I will post the assignment and then my attempt at solving it.
Let $a,b \in \mathbb{R}$ with $a<b$ and let $f: [a,b] \rightarrow \mathbb{R}$ be a continous function. We'll now define a sequence of Rieman Sums with an equidistant partition.
For $n \in \mathbb{N}$$$S_n:= \frac{b-a}{n}\sum_{i=1}^{n}f(t_{i,n})$$ and while $1≤i≤n$ $$t_{i,n}\in \left[a+ \frac{b-a}{n}(i-1),a+\frac{b-a}{n}i\right].$$ Show that the following integral equals the limit of the sequence $(S_n)\_{n≥1}$: $$\lim_{n\to\infty}S_n = \int_a^bf(x)\ dx$$
Now my attempt:
For $I \in \mathbb{R}$ and $f: [a,b] \rightarrow \mathbb{R}$ the following assertions are equivalent:
(i) $\int_a^bf(x)\ dx = I $
(ii) $\forall\epsilon>0 \ $ there are stepfunctions such that $I - \int_a^b\phi(x)\ dx ≤ \epsilon$ and $\int_a^b\psi(x)\ dx - I≤\epsilon$. $\phi ≤ f ≤ \psi$
I'll show the second inequality the first should be proven similarly. I know that for a partition $x_i$ such that $\psi_{|(x_{i-1},x_i)} = c_i$ and stepfunctions that: $$\int_a^b\psi(x)dx = \sum_{i=1}^nc_i(x_i-x_{i-1})$$ I define the partition $(x_i)_{0≤i≤n}: a=x_0<x_1<...<x_{n-1}<x_n=b$ such that $\forall n\in\mathbb{N}: x_n-x_{n-1} = \frac{b-a}{n}$ Furthermore I define my step function $\psi$ such that $\psi_{|(x_{i-1},x_i)} = \sup (f(x)$, $ x\in (x_{i-1},x_i))$ so that obviously $\psi ≥ f$. Plugging my newly defined partition and stepfunction into the formula above yields $$\int_a^b\psi(x)dx = \frac{b-a}{n}\sum_{i=1}^n\max (f(x), x\in (x_{i-1},x_i))$$ Substituting $\int_a^b\psi(x)dx$ and $I$ with $S_n$ in the inequality to prove gives $$\frac{b-a}{n}\sum_{i=1}^n\sup (f(x), x\in (x_{i-1},x_i)) - \frac{b-a}{n}\sum_{i=1}^{n}f(t_{i,n}) $$
$$= \frac{b-a}{n}\sum_{i=1}^n(\sup (f(x), x\in (x_{i-1},x_i)) - f(t_{i,n})) $$.
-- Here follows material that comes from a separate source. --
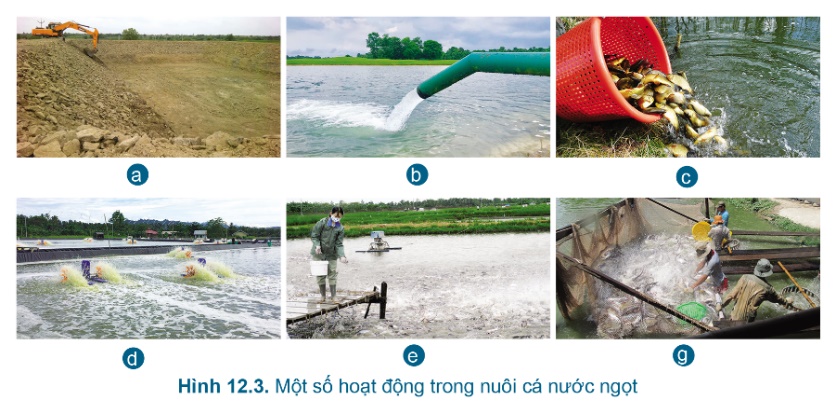 BÀI 12. QUY TRÌNH NUÔI CÁ NƯỚC NGỌT TRONG AO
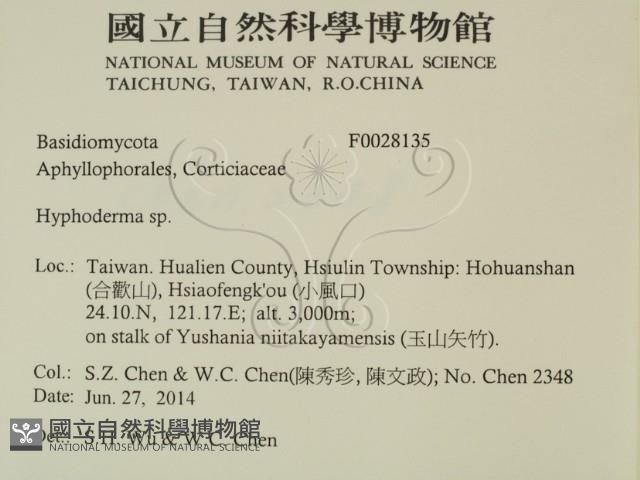 登錄號:F0028135藏品圖，第2張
As we're now taking the limit of $n \to \infty$ we observe that our partition gets infintely refined such that the distance of two function values of $\max (f(x), x\in (x_{i-1},x_i)) - f(t_{i,n})$ gets infinitely small such that the above $\sum < \infty$. And since $\frac{b-a}{n}$ converges to $0$ we have $\forall \epsilon > 0$ that
$$\lim_{n \to \infty} \frac{b-a}{n}\sum_{i=1}^n(\sup (f(x), x\in (x_{i-1},x_i)) - f(t_{i,n})) = 0 ≤ \epsilon$$
I would really, really appreciate it if someone could read through my proof and point out any mistakes. If my proof is completely wrong I'd appreciate hints and help in order to get the correct solution.
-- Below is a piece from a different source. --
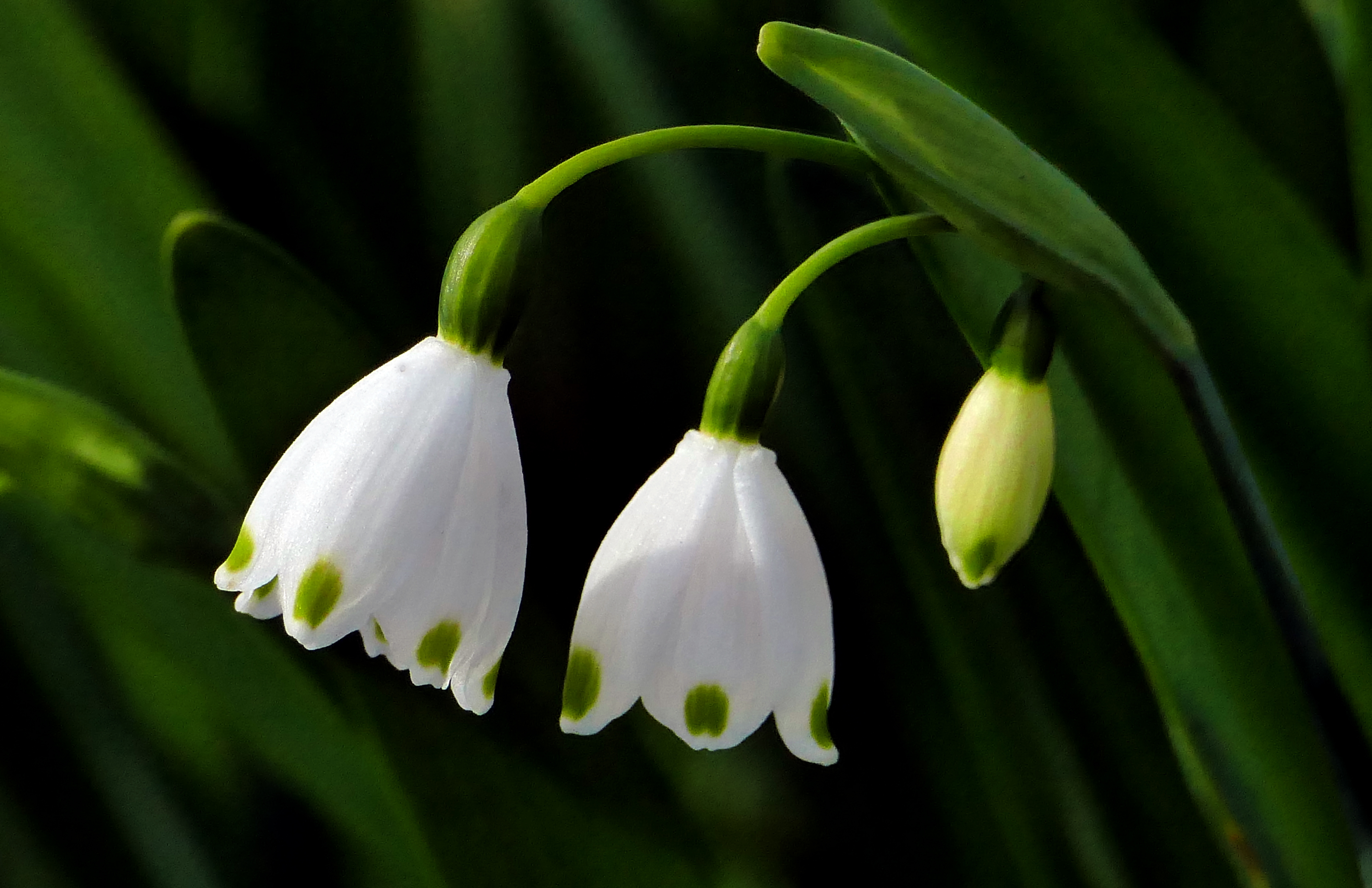 Snowdrop (Galanthus) (29131825622)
I assume this is your definition of integral.
Max of a continuous function over an open interval isn't defined, either change to sup or the closed interval. You also need to define the step function on the endpoints of the intervals (a minor point) - I'd just define $\psi(a)=f(a)$ then each time define it on $(x_i,x_{i+1}]$
Also you used $n$ both as a fixed number to define the number of points in the partition, and in the line describing each element of the partition (as well as it not being described completely clearly) - I'd replace " I define the partition $(x_i)_{0≤i≤n}: a=x_0<x_1<...<x_{n-1}<x_n=b$ such that $\forall n\in\mathbb{N}: x_n-x_{n-1} = \frac{b-a}{n}$ " with " Define a partition $(x_i)_{0\leq i \leq n}$ by $x_i = a + i \frac{b-a}{n}$ for $0\leq i \leq n$; so in particular, $x_{i+1}-x_i = \frac{b-a}{n}$ for each $i$".
My main issue is here; what do you mean by "infinitely defined"?
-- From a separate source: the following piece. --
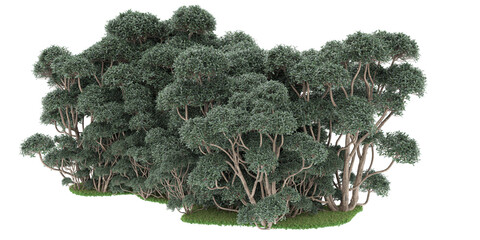 Forest on transparent background. 3d rendering - illustration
What you want to do is use the uniform continuity of $f$ to find $n$ that makes the step functions uniformly close. Let $\epsilon>0$; as $f$ is uniformly continuous, there exists $\delta > 0$ such that whenever $x,y\in [a,b]$ and $|x-y|<\delta$, $|f(x)-f(y)|<\epsilon/(b-a)$.
Now, take $n$ sufficiently large such that $\frac{b-a}{n}<\delta$. For each $0\leq i \leq n-1$, take $y_i \in [x_i,x_{i+1}]$ with $f(y_i)=\sup_{[x_i,x_i+1]}f(x)$. Hence for each $x\in (x_i,x_{i+1}]$, because $|y_i-x|<\delta$ and $f(y_i)=\psi(x)$, we have $|\psi(x)-f(x)|<\frac{\epsilon}{b-a}$. It then follows from monotonicity of the integral that $\int_a^b\psi(x)dx-I\leq\epsilon$.